== AIM OF THE EXERCISE ==
Exactly as written, output each of the lines below, with no images.

(RECORDS FOR PROCESSING begins)

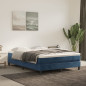 Cadre de lit sans matelas bleu foncé 140x190 cm velours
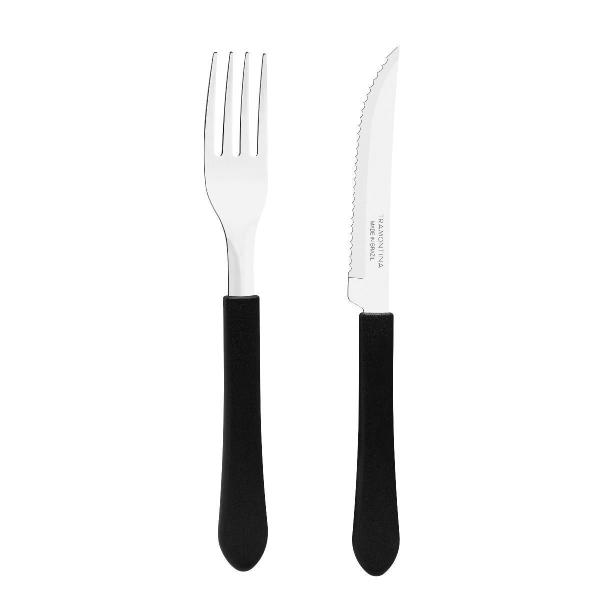 Garfo e Faca Tramontina Leme Inox - Kit 12 Garfos e 12 Facas - Tramontina Sudeste S/A Imagem de Garfo e Faca Tramontina Leme Inox - Kit 12 Garfos e 12 Facas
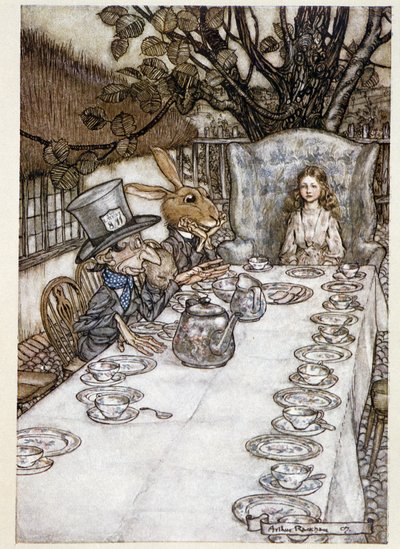 Alice prend le thé avec le Chapelier et le Lièvre de Mars - dans "Les Aventures d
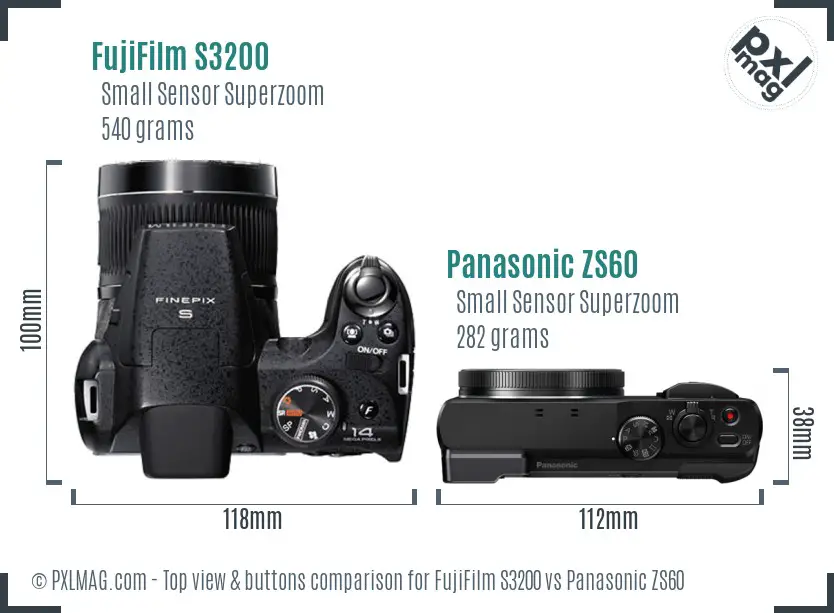 FujiFilm S3200 vs Panasonic ZS60 top view buttons comparison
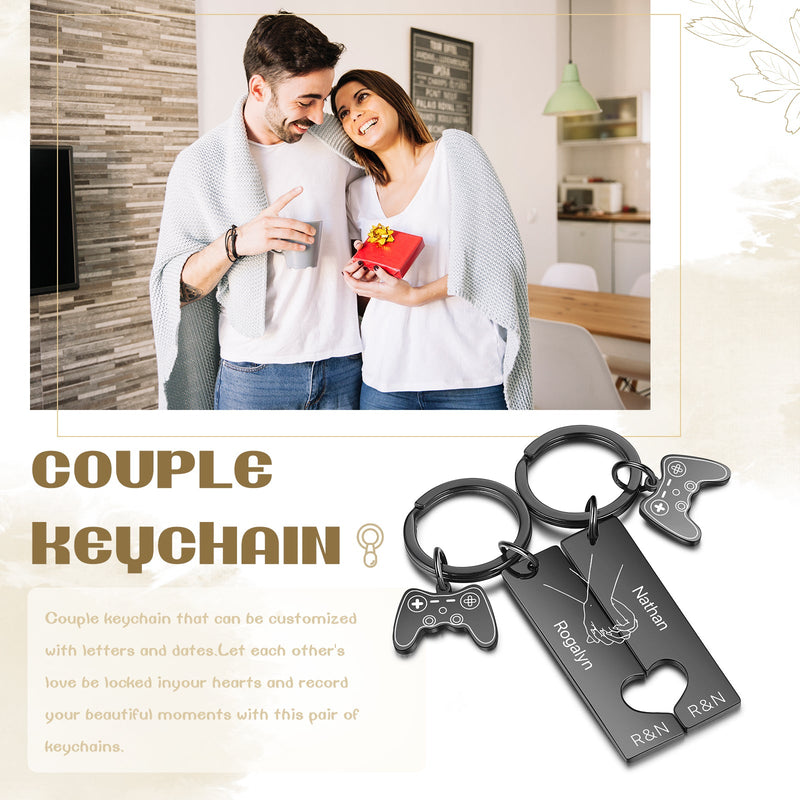 Custom Name Stainless Steel Hand Holding Pattern Couple Keychain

(RECORDS FOR PROCESSING ends)

== SOLVED PROBLEM ==
 Cadre de lit sans matelas bleu foncé 140x190 cm velours
 Garfo e Faca Tramontina Leme Inox - Kit 12 Garfos e 12 Facas - Tramontina Sudeste S/A Imagem de Garfo e Faca Tramontina Leme Inox - Kit 12 Garfos e 12 Facas
 Alice prend le thé avec le Chapelier et le Lièvre de Mars - dans "Les Aventures d
 FujiFilm S3200 vs Panasonic ZS60 top view buttons comparison
 Custom Name Stainless Steel Hand Holding Pattern Couple Keychain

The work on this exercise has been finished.